As Central Michigan University begins the task of finding its next president it's clear that most of us won't get to be a part of it.

Of the 13 people responsible for input in the presidential search, one of them is a student and none are fixed-term faculty members. A number of trustees, wealthy alumni and an administrator who will work for this person will play the largest role in choosing our next president. Search Committee Chair and trustee Tricia Keith said it clearly at last week's meeting: the process would be "confidential." 

"The process — including the names of finalists — will be confidential, as has been the protocol during the past several CMU presidential searches," a University Communications press released stated. "Search firms advise confidentiality in order to attract the best possible candidates, Keith said."

Transparency should be the foundation of the search process. Shutting students, faculty and staff out of the process is a mistake. It will foster a culture of suspicion and university administrators and trustees will be the recipients of that anger and mistrust. 

Tuition dollars fuel this university. State appropriations are only a fraction of how the university is funded today. The successor to George Ross will be responsible for establishing tuition rates and deciding how those dollars are spent. We are not suggesting that every student should get a vote on who will become the next president, but we expect to have a front-row seat to watch the process unfold. 

Trustees, here is what students, faculty and staff want from your search process: 

• We should be able to know who did, and didn't, advance in the selection process.

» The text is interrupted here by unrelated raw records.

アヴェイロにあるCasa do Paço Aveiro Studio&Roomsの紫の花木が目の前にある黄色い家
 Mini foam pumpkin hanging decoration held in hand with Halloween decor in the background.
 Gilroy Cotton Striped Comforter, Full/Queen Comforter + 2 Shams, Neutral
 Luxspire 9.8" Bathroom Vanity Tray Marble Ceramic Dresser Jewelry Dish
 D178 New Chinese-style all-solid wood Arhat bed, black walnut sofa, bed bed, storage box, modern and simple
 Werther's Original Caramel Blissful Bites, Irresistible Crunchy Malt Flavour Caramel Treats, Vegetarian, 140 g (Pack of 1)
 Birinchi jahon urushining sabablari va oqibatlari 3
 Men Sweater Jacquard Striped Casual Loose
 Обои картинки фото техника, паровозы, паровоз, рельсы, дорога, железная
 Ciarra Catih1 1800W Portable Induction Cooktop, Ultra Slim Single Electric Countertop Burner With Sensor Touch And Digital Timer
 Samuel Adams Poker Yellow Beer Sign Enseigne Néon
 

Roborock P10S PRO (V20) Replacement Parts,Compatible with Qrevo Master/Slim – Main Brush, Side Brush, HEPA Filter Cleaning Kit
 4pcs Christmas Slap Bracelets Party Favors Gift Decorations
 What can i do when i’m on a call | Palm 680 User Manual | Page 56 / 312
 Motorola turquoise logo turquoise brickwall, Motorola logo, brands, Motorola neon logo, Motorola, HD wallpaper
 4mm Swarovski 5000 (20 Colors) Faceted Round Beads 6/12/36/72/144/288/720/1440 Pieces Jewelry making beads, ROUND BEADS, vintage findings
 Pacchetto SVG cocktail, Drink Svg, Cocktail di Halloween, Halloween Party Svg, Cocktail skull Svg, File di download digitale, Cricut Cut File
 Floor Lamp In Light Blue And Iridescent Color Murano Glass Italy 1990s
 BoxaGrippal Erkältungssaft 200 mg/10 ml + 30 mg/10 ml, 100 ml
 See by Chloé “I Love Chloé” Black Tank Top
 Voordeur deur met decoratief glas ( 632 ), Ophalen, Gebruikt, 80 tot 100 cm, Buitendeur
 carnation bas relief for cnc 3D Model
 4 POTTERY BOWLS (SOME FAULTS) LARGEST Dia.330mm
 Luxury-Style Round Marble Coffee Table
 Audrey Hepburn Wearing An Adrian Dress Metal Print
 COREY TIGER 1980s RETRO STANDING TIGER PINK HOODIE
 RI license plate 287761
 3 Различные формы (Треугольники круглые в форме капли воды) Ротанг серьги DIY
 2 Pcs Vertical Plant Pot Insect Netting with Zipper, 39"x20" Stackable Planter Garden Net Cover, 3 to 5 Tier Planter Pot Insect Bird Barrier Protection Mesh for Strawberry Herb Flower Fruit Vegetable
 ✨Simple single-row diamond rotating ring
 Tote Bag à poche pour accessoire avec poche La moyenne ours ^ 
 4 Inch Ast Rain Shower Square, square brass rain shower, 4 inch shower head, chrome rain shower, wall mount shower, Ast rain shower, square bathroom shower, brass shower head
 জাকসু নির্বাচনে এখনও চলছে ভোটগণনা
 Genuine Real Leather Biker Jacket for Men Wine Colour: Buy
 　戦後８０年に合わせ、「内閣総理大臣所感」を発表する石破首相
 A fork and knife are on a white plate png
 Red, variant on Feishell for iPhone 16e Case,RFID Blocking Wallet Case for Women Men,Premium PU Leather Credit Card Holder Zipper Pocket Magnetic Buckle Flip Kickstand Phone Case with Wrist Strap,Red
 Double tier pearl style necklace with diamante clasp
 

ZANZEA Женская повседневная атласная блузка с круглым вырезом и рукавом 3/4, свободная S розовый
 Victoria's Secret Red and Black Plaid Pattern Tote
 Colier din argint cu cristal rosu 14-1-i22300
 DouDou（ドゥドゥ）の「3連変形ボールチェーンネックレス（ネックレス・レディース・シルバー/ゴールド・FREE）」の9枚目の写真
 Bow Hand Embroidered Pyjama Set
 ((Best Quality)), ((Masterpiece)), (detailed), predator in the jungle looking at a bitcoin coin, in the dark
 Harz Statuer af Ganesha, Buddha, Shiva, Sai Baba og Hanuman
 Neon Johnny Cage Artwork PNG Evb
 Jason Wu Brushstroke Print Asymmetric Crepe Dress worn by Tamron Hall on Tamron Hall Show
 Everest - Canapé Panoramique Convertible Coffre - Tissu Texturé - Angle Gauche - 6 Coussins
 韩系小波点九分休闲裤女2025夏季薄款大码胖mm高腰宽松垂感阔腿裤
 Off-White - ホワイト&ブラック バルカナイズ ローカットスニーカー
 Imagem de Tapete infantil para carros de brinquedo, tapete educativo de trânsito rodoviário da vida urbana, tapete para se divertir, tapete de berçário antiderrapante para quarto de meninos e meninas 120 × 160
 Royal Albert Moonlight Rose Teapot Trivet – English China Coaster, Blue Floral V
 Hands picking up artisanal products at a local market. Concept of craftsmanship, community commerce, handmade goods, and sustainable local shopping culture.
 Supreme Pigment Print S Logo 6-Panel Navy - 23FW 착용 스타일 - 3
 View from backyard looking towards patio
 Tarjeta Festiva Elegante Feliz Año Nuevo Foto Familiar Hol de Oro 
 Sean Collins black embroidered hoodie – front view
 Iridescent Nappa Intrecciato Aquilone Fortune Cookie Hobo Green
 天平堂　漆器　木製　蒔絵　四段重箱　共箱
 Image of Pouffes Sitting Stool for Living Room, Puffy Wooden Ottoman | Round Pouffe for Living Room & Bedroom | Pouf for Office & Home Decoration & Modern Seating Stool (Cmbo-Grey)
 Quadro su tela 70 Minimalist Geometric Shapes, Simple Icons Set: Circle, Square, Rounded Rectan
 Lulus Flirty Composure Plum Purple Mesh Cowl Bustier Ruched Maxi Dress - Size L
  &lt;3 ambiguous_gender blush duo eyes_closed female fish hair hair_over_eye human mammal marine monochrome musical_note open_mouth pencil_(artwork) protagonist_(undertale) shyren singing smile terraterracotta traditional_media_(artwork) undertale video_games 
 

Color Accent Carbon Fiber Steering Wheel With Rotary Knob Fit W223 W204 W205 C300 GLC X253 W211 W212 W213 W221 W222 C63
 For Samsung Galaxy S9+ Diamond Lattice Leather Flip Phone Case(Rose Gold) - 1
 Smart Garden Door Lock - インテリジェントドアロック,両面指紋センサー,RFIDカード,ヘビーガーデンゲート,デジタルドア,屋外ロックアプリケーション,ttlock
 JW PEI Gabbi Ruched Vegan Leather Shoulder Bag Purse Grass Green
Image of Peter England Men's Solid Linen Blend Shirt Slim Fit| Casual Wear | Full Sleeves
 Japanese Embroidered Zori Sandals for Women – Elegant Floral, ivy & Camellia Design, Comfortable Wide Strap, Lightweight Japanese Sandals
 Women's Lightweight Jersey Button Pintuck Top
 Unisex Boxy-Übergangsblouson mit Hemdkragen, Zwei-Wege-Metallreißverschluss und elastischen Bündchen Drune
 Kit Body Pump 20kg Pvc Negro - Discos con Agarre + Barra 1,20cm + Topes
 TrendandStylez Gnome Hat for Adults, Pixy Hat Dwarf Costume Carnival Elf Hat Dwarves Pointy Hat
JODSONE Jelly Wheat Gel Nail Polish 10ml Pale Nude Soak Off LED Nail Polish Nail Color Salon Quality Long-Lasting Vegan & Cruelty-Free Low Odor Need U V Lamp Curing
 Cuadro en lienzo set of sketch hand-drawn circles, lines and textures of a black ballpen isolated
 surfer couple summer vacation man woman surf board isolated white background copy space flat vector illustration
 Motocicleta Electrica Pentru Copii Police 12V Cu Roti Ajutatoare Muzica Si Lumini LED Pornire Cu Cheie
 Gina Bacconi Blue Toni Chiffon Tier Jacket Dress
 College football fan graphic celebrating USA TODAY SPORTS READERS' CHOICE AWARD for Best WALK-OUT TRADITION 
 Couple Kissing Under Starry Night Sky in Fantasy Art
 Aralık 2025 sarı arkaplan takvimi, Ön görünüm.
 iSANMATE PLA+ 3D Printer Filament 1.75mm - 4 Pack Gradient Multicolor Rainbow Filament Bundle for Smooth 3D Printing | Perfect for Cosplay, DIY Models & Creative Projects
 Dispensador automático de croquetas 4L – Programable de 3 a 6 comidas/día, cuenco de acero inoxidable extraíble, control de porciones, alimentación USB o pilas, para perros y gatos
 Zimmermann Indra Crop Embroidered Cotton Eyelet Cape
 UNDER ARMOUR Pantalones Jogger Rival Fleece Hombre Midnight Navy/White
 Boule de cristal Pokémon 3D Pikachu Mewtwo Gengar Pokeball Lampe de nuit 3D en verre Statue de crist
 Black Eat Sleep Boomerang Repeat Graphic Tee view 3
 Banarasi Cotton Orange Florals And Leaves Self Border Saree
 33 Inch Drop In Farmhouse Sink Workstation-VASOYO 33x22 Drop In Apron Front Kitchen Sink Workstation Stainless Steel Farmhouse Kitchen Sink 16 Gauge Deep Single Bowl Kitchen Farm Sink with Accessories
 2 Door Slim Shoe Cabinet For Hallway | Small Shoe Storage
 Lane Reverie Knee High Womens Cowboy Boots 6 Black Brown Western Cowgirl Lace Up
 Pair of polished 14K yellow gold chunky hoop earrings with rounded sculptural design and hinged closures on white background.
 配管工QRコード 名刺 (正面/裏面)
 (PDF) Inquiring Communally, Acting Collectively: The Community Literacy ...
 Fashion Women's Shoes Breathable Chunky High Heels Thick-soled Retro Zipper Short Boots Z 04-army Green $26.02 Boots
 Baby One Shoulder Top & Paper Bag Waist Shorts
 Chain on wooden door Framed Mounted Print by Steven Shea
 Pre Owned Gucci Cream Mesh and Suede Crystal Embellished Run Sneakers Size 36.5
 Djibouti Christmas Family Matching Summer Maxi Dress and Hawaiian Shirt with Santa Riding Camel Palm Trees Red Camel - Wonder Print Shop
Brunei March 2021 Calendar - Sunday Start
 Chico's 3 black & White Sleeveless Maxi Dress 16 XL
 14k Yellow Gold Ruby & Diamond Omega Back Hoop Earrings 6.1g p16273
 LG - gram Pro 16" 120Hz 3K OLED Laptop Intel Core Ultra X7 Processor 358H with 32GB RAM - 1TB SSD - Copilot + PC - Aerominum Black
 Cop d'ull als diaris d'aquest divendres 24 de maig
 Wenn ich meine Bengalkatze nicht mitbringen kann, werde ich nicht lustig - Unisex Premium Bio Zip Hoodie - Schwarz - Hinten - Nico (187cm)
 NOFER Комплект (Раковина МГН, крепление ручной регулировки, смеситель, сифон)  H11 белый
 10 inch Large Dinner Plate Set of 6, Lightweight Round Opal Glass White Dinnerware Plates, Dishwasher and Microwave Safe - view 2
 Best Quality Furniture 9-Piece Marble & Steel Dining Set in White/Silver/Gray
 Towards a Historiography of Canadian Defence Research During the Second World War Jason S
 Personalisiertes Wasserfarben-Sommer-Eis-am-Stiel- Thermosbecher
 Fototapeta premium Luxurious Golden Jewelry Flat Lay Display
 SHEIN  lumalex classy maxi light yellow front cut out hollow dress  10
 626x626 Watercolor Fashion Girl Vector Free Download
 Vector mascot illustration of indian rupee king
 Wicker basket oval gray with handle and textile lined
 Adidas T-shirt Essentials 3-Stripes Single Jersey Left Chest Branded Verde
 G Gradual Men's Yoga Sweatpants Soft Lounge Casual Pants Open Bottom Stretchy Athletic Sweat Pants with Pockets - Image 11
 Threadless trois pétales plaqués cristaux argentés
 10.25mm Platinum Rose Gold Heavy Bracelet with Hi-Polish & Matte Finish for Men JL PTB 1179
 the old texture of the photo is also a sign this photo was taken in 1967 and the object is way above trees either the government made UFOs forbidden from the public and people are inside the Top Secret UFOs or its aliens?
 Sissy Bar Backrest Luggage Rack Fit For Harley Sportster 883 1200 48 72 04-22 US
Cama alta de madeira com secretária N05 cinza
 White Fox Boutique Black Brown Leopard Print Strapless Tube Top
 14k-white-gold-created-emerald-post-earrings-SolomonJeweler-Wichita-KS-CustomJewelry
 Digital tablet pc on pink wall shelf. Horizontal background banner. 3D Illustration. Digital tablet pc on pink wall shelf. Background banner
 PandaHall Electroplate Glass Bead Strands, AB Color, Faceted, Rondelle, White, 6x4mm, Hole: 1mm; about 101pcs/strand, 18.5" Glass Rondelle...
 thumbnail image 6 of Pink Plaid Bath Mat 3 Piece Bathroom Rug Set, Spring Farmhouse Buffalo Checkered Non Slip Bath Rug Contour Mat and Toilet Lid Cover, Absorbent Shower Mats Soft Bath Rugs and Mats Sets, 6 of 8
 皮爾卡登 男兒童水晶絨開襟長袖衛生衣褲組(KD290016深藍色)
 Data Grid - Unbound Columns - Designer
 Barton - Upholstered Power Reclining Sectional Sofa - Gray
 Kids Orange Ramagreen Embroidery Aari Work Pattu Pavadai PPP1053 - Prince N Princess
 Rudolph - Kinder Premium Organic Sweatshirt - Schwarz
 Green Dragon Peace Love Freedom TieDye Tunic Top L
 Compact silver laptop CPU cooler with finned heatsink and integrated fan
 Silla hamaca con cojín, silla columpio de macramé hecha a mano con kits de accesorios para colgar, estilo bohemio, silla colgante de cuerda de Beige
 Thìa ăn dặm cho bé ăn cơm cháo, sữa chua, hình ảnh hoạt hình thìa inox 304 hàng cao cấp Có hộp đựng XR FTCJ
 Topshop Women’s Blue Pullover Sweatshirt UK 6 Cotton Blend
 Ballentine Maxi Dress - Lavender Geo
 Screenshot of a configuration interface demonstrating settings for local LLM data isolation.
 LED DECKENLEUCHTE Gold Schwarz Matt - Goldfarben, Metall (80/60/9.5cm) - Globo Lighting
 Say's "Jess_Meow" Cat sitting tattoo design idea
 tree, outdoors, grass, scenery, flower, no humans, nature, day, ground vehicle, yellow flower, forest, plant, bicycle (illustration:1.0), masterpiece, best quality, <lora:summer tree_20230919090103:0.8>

Typically, three or four finalists are announced near the end of a search. That's it. 

We don't think that's enough. At the end of the process we want to know how many applicants were considered. We want to know how, and why, they are eliminated. We want to have access to their applications. If CMU graduates leaders – students and staff – we want to know if there are internal candidates and how far they advance. 

• If a candidate wants his or her name withheld during the search, immediately disqualify them. 

We've often been told, by university and City of Mount Pleasant officials, that if candidates are identified during a search they would opt out and the search would be worse for it. These candidates want to be able to privately, quietly search for a new job without their employers or employees learning about it. 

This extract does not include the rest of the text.